O mercado de previsões, que transforma apostas em contratos sobre eventos futuros, ganha escala global, incluindo a América Latina. Plataformas como Polymarket e Kalshi movimentam bilhões de dólares e atraem usuários que apostam em resultados que vão desde eleições até decisões de bancos centrais.

Segundo a Bloomberg Intelligence, o setor pode alcançar volume de negócios de US$ 300 bilhões em 2026, com potencial de chegar a US$ 1 trilhão por volta de 2030, impulsionado pela expansão dessas plataformas para além do ecossistema cripto.

A expansão esbarra em resistência regulatória. Países latino‑americanos já começaram a questionar se tais plataformas são mercados autorizados ou apostas não supervisionadas, gerando bloqueios, ações judiciais e discussões sobre regras.
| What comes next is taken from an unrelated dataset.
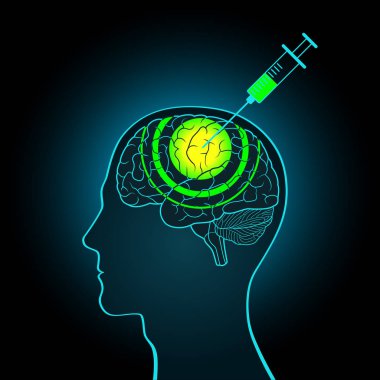 Doğruluk serumunun beynine enjeksiyon şırınga, beyin yıkama. Sorgulama, doğru bilgi alma, yeni veri yapma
No Brasil, o governo moveu ações contra as plataformas em 2026, bloqueando dezenas de sites e restringindo contratos a variáveis econômicas. A jurisdição aponta que operações de previsão funcionam como apostas sem licenciamento adequado.

Na Argentina, a fiscalização foi ampliada. A LOTBA investiga a atuação da Polymarket para avaliar se usuários assumem risco econômico com base em eventos incertos, levando a bloqueios e ajustes regulatórios locais.

A Colômbia também reforçou controles, com o presidente da Coljuegos caracterizando os mercados de previsão como apostas disfarçadas. A agência sustenta que há risco patrimonial e influência potencial em processos eleitorais.

No México, entidades do setor reconhecem a necessidade de autorização para operar com dinheiro real e destacam riscos como lavagem de dinheiro, embora haja abertura para o uso de tecnologias preditivas, desde que devidamente reguladas.

As plataformas argumentam que operam contratos entre pares, sem definir preços nem assumir riscos sobre resultados, defendendo cooperação com autoridades e foco em inovação responsável. Dados de uso variam conforme jurisdição.

O debate regulatório vai além de um marco local. Nos Estados Unidos, o eixo central é se contratos de eventos devem ser tratados como instrumentos financeiros ou como apostas, com possibilidade de decisão judicial de grande alcance.

A Bloomberg Intelligence aponta que ações com foco em política e regulamentação representam o maior potencial estrutural do setor, estimando participação relevante no volume total em 2030, conforme o crescimento se consolidar.

Para o mercado latino‑americano, a mensagem é clara: a inovação precisa coexistir com supervisão, rastreabilidade e proteção ao consumidor. O rumo depende de como governos e reguladores definem regras aplicáveis às plataformas.